Confira a Petição Incidental no REsp 2024250: Decisão pode impactar políticas de saúde e biotecnologia. Clique aqui:
O plano reconhece cabe ao Ministério da Saúde discutir e implementar, em articulação com outros órgãos da União, uma política nacional” e a pasta de fato assume a responsabilidade da maioria das ações estratégicas propostas.
O interessante é que, ao propor uma política nacional, o plano amplia o escopo para muito além do indicado na minuta da Anvisa que circulou na semana passada e contemplava a indústria farmacêutica como o único arranjo produtivo possível. O plano entregue ontem à Ministra Regina Helena ressalta a necessidade de regulamentação federal para outros arranjos produtivos, e propõe normatizar, além da indústria farmacêutica:
• regime associativo;
• laboratórios públicos;
• os saberes tradicionais;
• e o setor agrícola.
Na prática, o que o Ministério fez foi entregar um bom projeto à Procuradoria Geral da República para mostrar que não está parado, mas que vai demorar um pouco mais para entregar a regulamentação. Vai demorar mais para ficar melhor, ao que tudo indica. Mais precisamente, até o fim de setembro – quatro meses e dez dias a mais.
Faz sentido essa batalha para ter mais tempo. Como o plano bem explica, “A complexidade do escopo exige uma atuação coordenada e integrada do setor de saúde com os demais setores envolvidos, para que a resposta seja efetiva”. Regular todos esses arranjos produtivos de modo eficiente depende de muita articulação interministerial para dar certo de verdade.
O plano prevê oito etapas de trabalho necessárias para completar o trabalho, cada uma com prazos e responsabilidades. Inclui a realização de agendas bilaterias entre Mapa, MDIC, MJSP, MDA e Anvisa, análise jurídica da AGU e culmina com a aprovação de uma nova proposta de atualização da portaria 344 de 1998.

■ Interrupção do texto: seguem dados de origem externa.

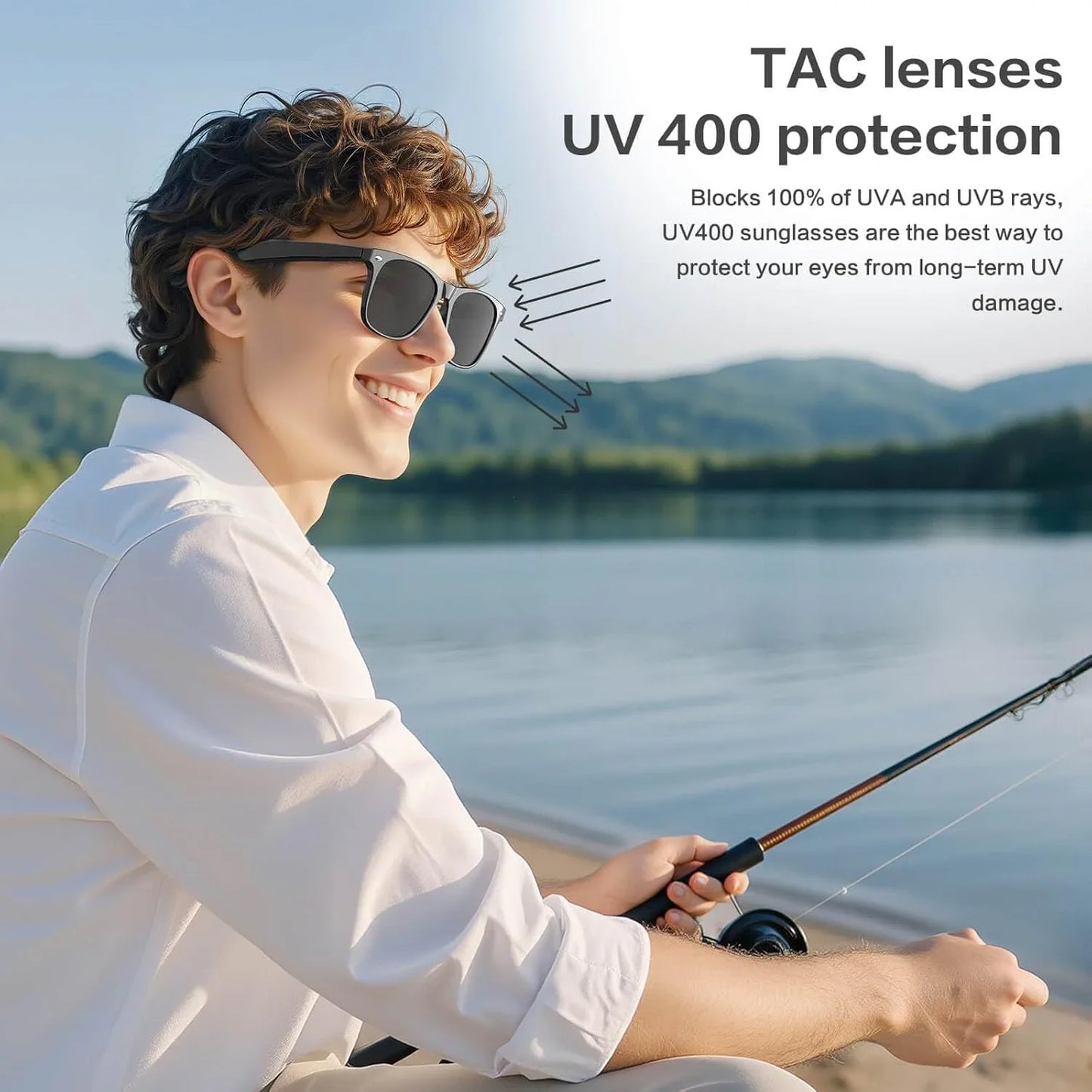 New Smart AI Glasses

É ótimo que o Ministério da Saúde esteja assumindo a responsabilidade de liderar esse processo. E ainda mais positivo que traga uma proposta inclusiva, prevendo arranjos produtivos que têm potencial de democratizar o acesso à Cannabis para fins medicinais.
Mas nem tudo são flores nessa história
O primeiro ponto fraco dessa história é a conversa continuar circulando estritamente em torno da regulamentação do cânhamo para uso medicinal. OK, o plano é do Ministério da Saúde. Então vamos esperar que o da Agricultura exerça liderança semelhante para destravar a produção de fibras e grãos.

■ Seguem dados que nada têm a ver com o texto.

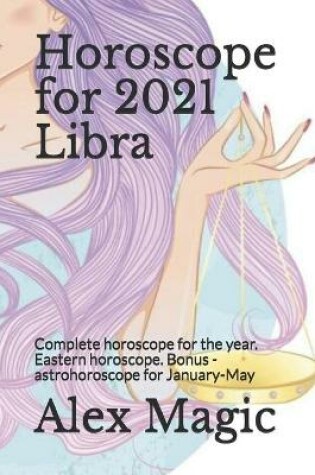 Cover of Horoscope for 2021 Libra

O outro lado ruim é o Ministério da Saúde – e aí sim justamente o da saúde – se render à narrativa tão século 20 da demonização da maconha, e manter as plantas e insumos de THC afastados do escopo de uso medicinal. Se o plano é para fins exclusivamente medicinais, aí mesmo é que se justifica a produção das variedades com alto THC. Seja por seu potencial medicinal, seja pela possibilidade de controlar essa destinação por meio de uma boa fiscalização.
É claro que a cartilha é feita para atender as forças reacionárias do país, que sempre podem fazer dele o rabo de foguete que os governos sempre temem quando mexem com Cannabis.

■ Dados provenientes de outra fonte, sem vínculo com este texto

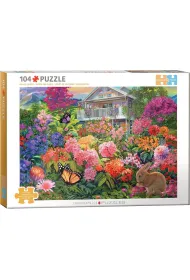 Puzzle 104 Bunny Garden by Chris Bigelow 6704-6023 Eurographics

A se confirmar, o plano que vem do Ministério da Saúde é uma ótima notícia. Porque é certamente a proposta mais embasada e consequente que já se apresentou no Brasil para a elaboração de uma política pública de saúde decente para a Cannabis. Finalmente, teríamos um cenário de verdadeira segurança jurídica para o cultivo da planta para fins medicinais no país. Melhor ainda, um cenário em que essa segurança não está reservada apenas para poucos industriais.

Tarso Araujo é jornalista, colunista do portal Sechat, documentarista e consultor de negócios de cannabis e psicodélicos. É codiretor de “Ilegal – a Vida Não Espera”, documentário que trouxe o debate sobre cannabis medicinal para a imprensa brasileira, e autor dos livros “Almanaque das Drogas - um Guia Informal para o Debate Racional”, (Leya, 2012) e “Guia sobre Drogas para Jornalistas” (Catalize, 2017). Atualmente, é consultor do Instituto Ficus, ONG de advocacy sobre Cannabis e psicodélicos, e sócio da Navega, clínica de cetamina para depressão refratária, além de diretor da Catalize Lab, produtora de comunicação e impacto social.